January 16th – March 23th 2013

When we consider the special problems that were key elements of progress along the oldest and most persistent lines of human research, we found that nothingness suitably disguised as something, is never far from the center of things. In it’s different denotations, nothingness has been the subject of persistent human fascination and has proven to be an unexpectedly major issue, upon which delicately many of our fundamental questions are raised.

JOHN D. BARROW

The Book of Nothing

On what there might not be features the work of 11 international artists who reflect on the concept of “nothingness”, a complex term which unfolds a variety of notions: zero in mathematics, the vacuum in physics, the void in philosophy, the “uncreated” in theology, infinity in astronomy, silence in music, the absurd in logic, the invisible and intangible in art. The works presented in the exhibition explore the way in which such seemingly trivial concepts are fundamental to our understanding of how life is shaped, and the way nothingness is intimately linked to our history and quotidianity.

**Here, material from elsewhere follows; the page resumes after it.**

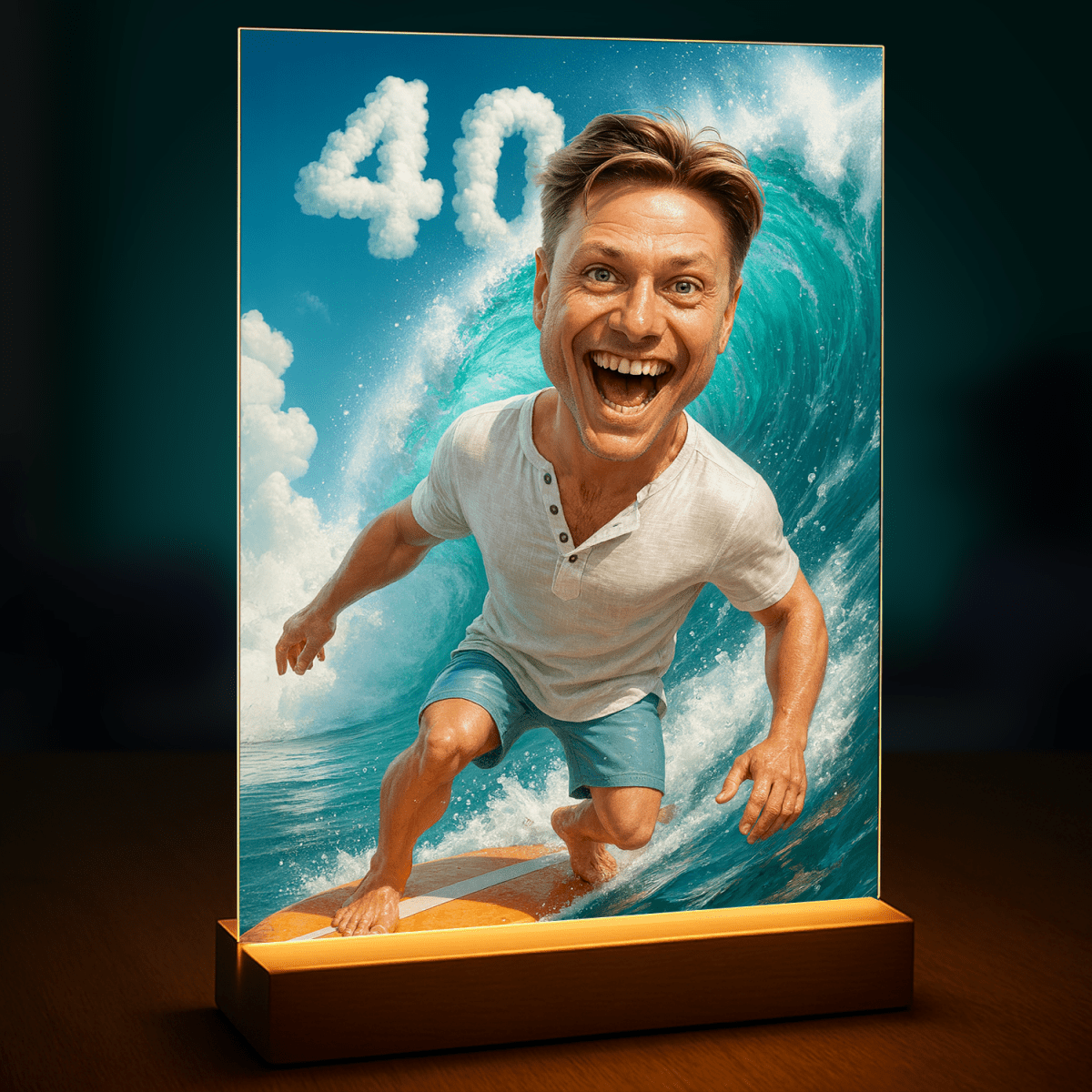 Image of Czterdzieste urodziny na fali - druk na szkle, portret z Twojego zdjęcia - Wymaluj Prezent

Sculptures by Jakob Mattner (Germany, 1946), new kinetic work by Zilvinas Kempinas (Lithuania, 1969) as well as early work of Andy Warhol (United States, 1928-1987), will be shown in Mexico for the first time. Additionally, emblematic works by Francis Alÿs (Belgium, 1959) and Luis Felipe Ortega (Mexico, 1966) will be displayed in dialogue with the work of younger artists such as Adrien Missika (France, 1981), Virginia Colwell (USA 1981), Tony Orrico (United States, 1979), Jong Oh (Korea, 1981), Daniela Libertad (Mexico, 1983) and Arturo Hernández Alcázar (Mexico, 1978).